In recent weeks, it emerged that Roger J. Stone Jr., a longtime adviser to Mr. Trump,
had communicated with Guccifer 2.0, the online persona believed to be a front for Russian intelligence officials involved in disseminating emails stolen from the Democratic National Committee. Mr. Stone has denied there was anything improper about the contact, and he was one of many, including political operatives and journalists, to communicate with the hackers.
Michael T. Flynn, a Trump campaign adviser who went on to be his national security adviser,
was paid more than $65,000 by companies linked to Russia in 2015, according to congressional investigators. Mr. Flynn
was forced to resign after misrepresenting his conversations with the Russian ambassador to the United States.
Last July, the same month that WikiLeaks began releasing the hacked emails from the Democratic committee, Carter Page, a foreign policy adviser to Mr. Trump, visited Moscow for a speaking engagement. Mr. Page has declined to say whom he met there, but has said they were mostly scholars.
American intelligence agencies also intercepted communications of Russian officials, some of them within the Kremlin, in which they discussed their contacts with Trump associates. Foreign allies last year
began providing the United States with intelligence indicating possible meetings between Russian officials and associates of Mr. Trump. It is not clear if American intelligence has confirmed whether those meetings actually took place.

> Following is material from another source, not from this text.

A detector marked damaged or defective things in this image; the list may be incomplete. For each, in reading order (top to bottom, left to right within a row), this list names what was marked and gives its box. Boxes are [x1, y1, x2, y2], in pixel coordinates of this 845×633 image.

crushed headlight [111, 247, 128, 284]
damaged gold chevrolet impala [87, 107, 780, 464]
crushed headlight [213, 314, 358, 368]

Even if the F.B.I. unearths evidence that a Trump associate had colluded with Russia in the presidential election, finding a way to use the information in court would be very difficult. American intelligence agencies would fiercely resist disclosing how they had obtained their information.

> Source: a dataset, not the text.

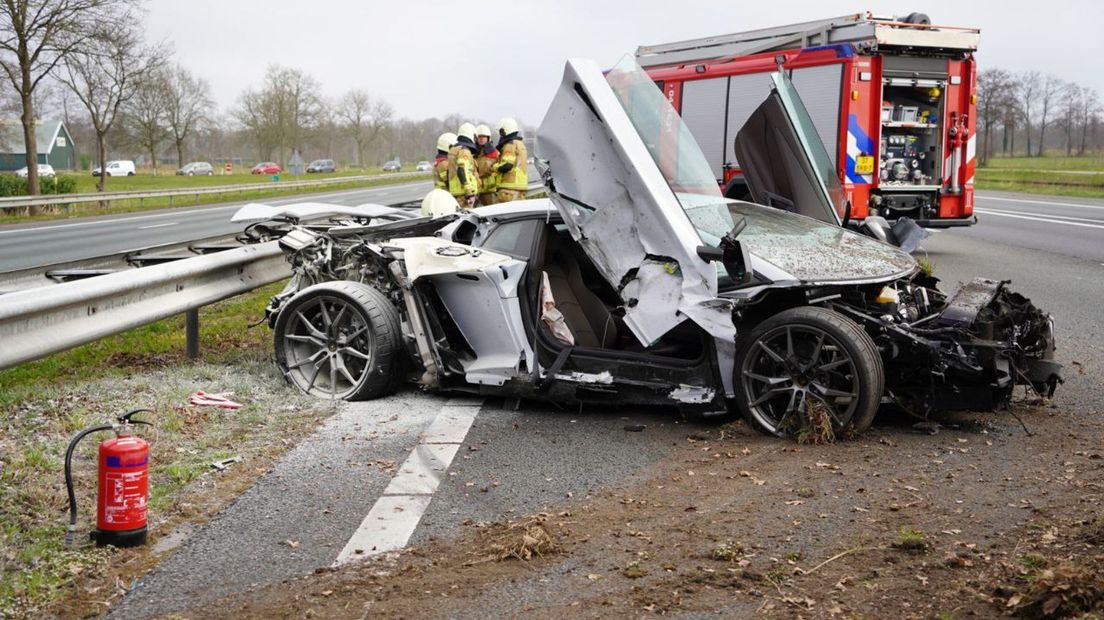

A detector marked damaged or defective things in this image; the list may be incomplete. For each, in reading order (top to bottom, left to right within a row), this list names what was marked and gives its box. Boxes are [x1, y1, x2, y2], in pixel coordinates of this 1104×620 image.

wrecked white sports car [232, 56, 1059, 434]
shattered windshield [604, 54, 733, 244]
crumpled car hood [733, 200, 922, 282]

“It’s very unusual to be involved in something that ends up in an arrest,” said Christopher Lynch, a former F.B.I. and C.I.A. counterintelligence analyst. “We may know what happens but not be able to do anything about it.”
Former agents have stories of cases that broke surprisingly after long stretches with no developments. But those cases did not require giving updates to Congress and the American people.
“This is unprecedented,” Mr. Montoya said. “When is the last time we had to work on a counterintelligence matter that’s so public?”